TASK DETAILS:
Although the material holds pictures, none belong in the copy; transcribe exactly, and only, the lines from the one with "Ruffle – Annieglass" through the end.

RAW DATA:
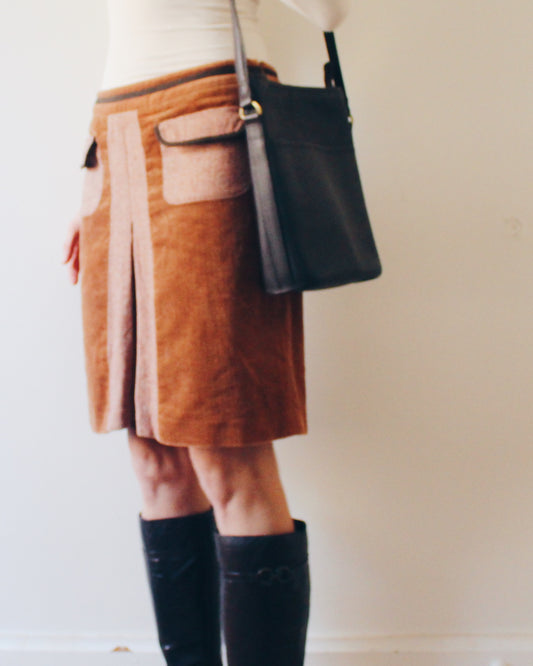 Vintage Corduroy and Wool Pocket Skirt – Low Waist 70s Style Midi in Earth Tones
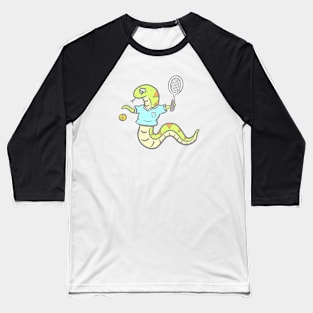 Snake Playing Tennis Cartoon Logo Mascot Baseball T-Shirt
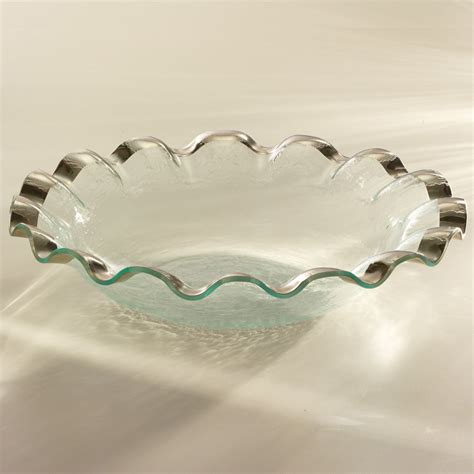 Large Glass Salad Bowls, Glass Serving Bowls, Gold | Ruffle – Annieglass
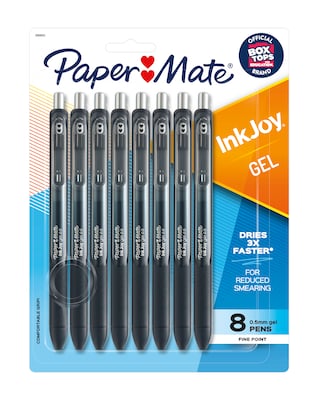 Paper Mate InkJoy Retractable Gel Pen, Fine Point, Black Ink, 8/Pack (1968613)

OUTPUT OF THE EXERCISE:
 Large Glass Salad Bowls, Glass Serving Bowls, Gold | Ruffle – Annieglass
 Paper Mate InkJoy Retractable Gel Pen, Fine Point, Black Ink, 8/Pack (1968613)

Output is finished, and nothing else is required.